Lauren LeFranc, executive producer and showrunner of HBO’s “The Penguin,” explained her challenge of breathing new dimensions into a character that is well known but still mysterious to viewers. That task was made easier by the power that star Colin Farrell brings to the role and the larger arc for the Batman universe that has been plotted out by DC Entertainment.
“I knew this was a rise to power story, and I knew that by the end, Oz needed to achieve a level of power,” LeFranc said. “Knowing that it was my mission to lead him into the second film, I wanted to make sure that it came at a cost. And I really wanted this to be a psychological study of who this man is.”
Laura Eason, executive producer and showrunner of Starz’s “Three Women,” told the crowd of industry insiders that her background in theater made her love the process of working with a large group to bring authenticity to the backdrop. “Three Women” chronicles the lives of very different women, one in Indiana, one in Martha’s Vineyard and one in North Carolina. The team took great care to ensure that each character’s surroundings and wardrobe reinforced their emotional state at any given point.
“Collaboration is really at the dead center of what I came up doing.

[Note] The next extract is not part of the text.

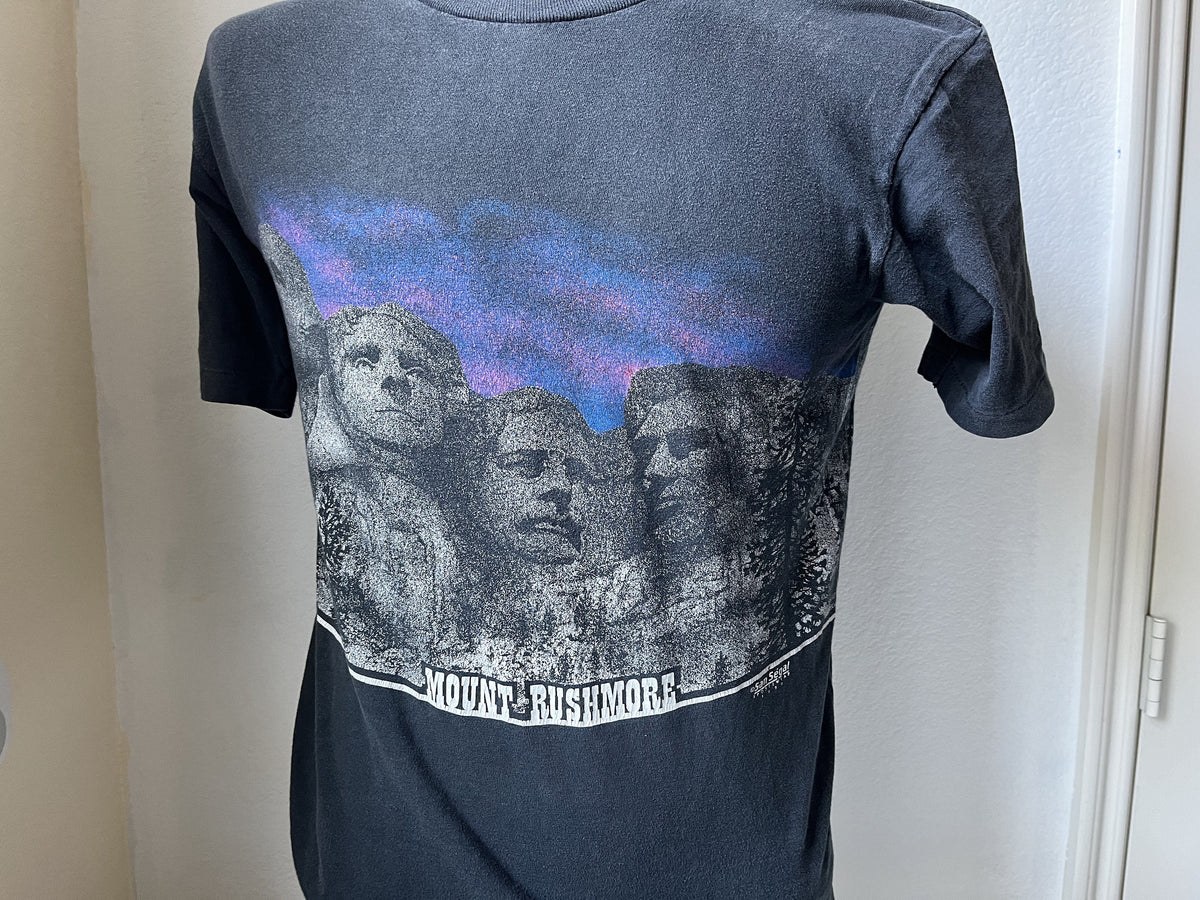 Vintage 90s Mount Rushmore Faded Black T Shirt M Graphic Tee – Fan Favorite · Must-Have Style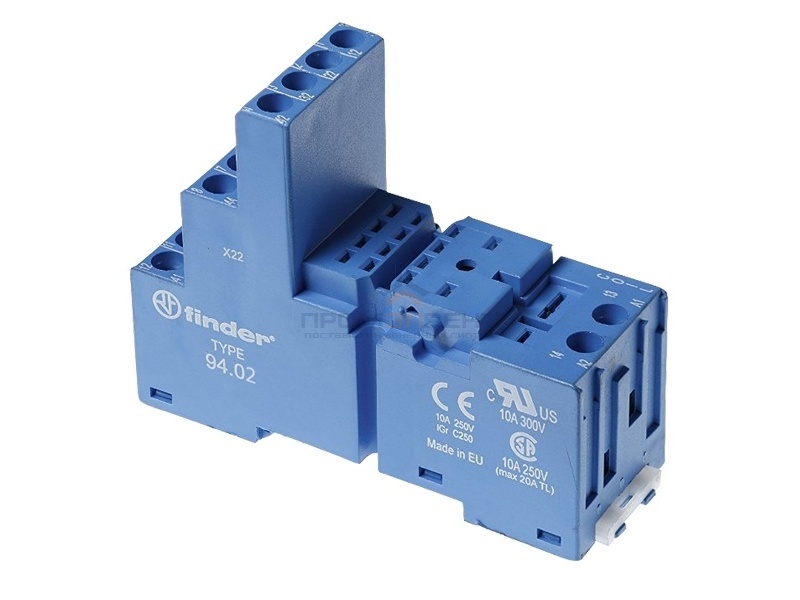 Розетка Finder 94.02 с винтовыми клеммами для реле 55.32 (с зажимной клетью)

I love and the ethos,” Eason said. “To be able to sit at this table and look at this thing that we all are making together and to really trust people’s expertise that because that is where they live and breathe 24/7 — they’re going to have ideas about costume, about set, about props.” Eason gave a special shout-out to Diana Burton, who headed props for “Three Women.” “Just a genius,” she enthused.
Ramirez observed that he also had a steep learning curve about the rich history of boxing in Mexico in order to deliver Hulu’s first-ever Spanish-language original drama, starring Gael Garcia Bernal and Diego Luna.

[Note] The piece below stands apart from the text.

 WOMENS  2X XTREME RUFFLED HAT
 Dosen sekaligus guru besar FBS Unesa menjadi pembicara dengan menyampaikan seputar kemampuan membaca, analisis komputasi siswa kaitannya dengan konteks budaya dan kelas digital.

“Boxing is kind of a perfect distillation of drama in a way. Every boxing match is perfect drama,” he said. “Two people are coming in, somebody’s winning, somebody’s not. But specifically the culture of Mexican boxing and the importance of boxing to a very specific generation of Mexicans — that was a deep dive. A lot of really smart people taught me a lot about boxing and specifically what the Mexican style of boxing meant.”
Ramirez got one of the night’s biggest laughs by dishing on Luna’s enthusiasm for the prosthetic butt that he used in the series.

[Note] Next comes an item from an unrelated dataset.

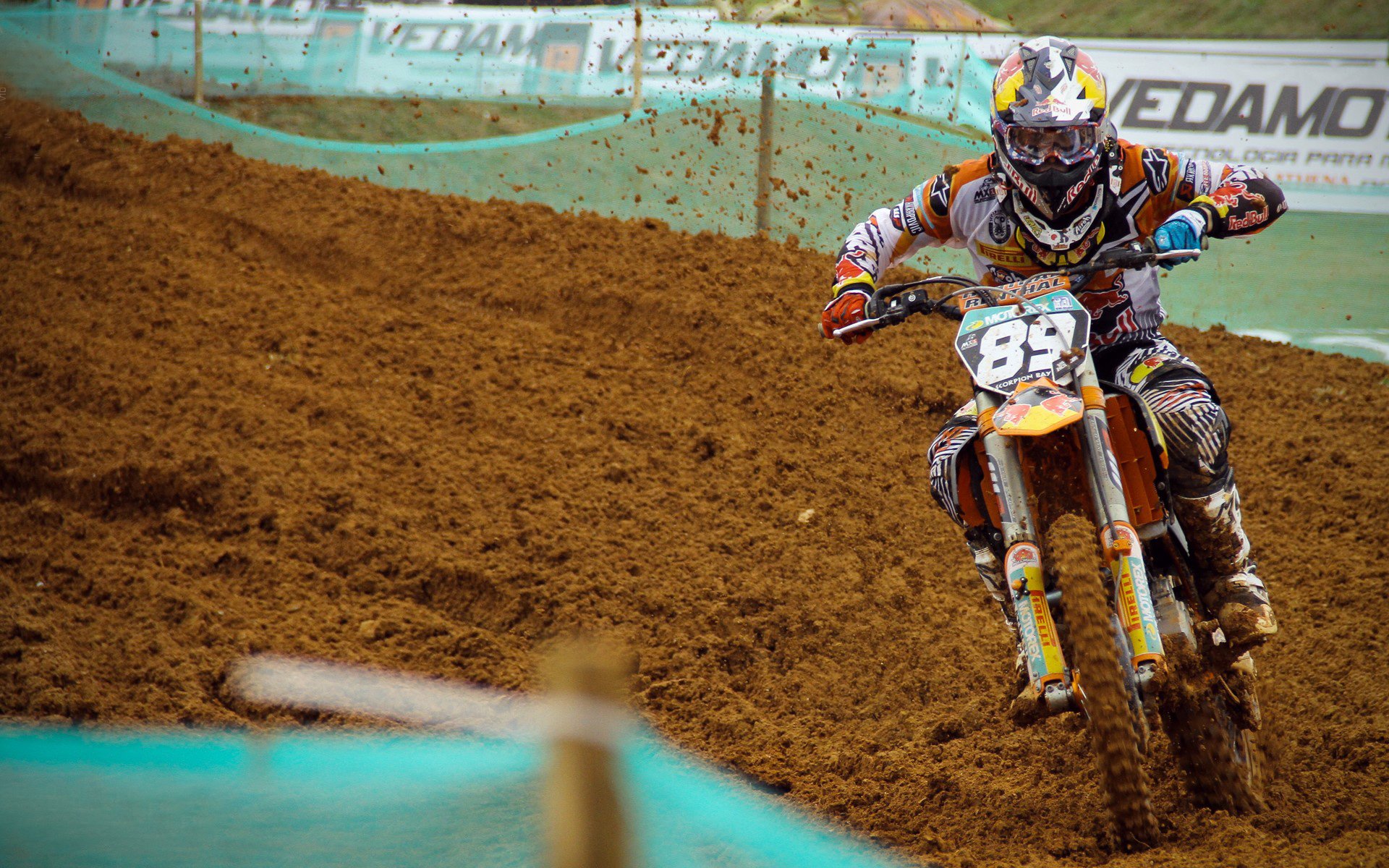 乔·莫伊：凭借极高的scrum控制力和防守反应，成为全黑队的坚强后盾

“Gael knew he wanted this boxer to come from a very specific place and to be a very specific kind of boxer,” Ramirez said. “Diego knew he would have a bunch of bad [plastic surgery] work done. ‘I even want ass implants, man. I want a good ass’ was his thing. So he sat in the chair for many hours to get all the bad work done every morning. But the thing that he talked about more on set was always like, ‘Look at this butt, dude, look at this. Check this spot.’”
Tangcay asked the panel about the process of settling on the ending for a limited series — the final punch, as it were. Ogbonna was quick to say that “I’m a penultimate episode-type person.” Zetumer said he uses a yardstick that is part emotional and part physical.
“If you are having an emotional reaction to your own material at the end of the show, if you are writing the last page of your last episode and you feel that thing on the back of your neck, that really is the reason you write,” Zetumer said. “You’re chasing this feeling all day when you write. As any writer knows, you’re chasing a physiological response where your hair’s standing up, or you’re getting misty-eyed, or something is happening inside you, and that’s the reason you write. It’s like a drug in a way. It’s an emotional drug. If you have that sort of feeling of catharsis in a big way, it means you’re done — just shut your computer, put down your pen.”